### Your instructions
Within the records below is a range that opens at the line with "logistics - Entrepôt" and closes at the line with "infortunio neymar l". Return that range word for word, both ends included, and only that range.

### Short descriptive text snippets
----
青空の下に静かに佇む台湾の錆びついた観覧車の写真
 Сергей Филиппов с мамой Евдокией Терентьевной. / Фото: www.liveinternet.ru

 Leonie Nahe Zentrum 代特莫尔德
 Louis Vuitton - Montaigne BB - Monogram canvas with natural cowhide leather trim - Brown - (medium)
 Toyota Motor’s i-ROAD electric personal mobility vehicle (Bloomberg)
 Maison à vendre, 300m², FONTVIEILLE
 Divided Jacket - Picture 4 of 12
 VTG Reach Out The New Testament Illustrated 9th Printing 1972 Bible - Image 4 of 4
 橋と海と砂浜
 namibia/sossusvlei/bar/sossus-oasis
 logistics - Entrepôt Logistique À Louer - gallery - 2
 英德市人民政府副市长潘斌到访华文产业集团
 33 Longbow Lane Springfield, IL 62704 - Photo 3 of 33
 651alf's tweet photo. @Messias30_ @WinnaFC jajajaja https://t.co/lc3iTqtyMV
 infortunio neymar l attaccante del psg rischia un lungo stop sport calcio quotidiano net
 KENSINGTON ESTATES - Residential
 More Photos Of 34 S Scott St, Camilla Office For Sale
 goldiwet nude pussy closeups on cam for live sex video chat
----
### Your response
 logistics - Entrepôt Logistique À Louer - gallery - 2
 英德市人民政府副市长潘斌到访华文产业集团
 33 Longbow Lane Springfield, IL 62704 - Photo 3 of 33
 651alf's tweet photo. @Messias30_ @WinnaFC jajajaja https://t.co/lc3iTqtyMV
 infortunio neymar l attaccante del psg rischia un lungo stop sport calcio quotidiano net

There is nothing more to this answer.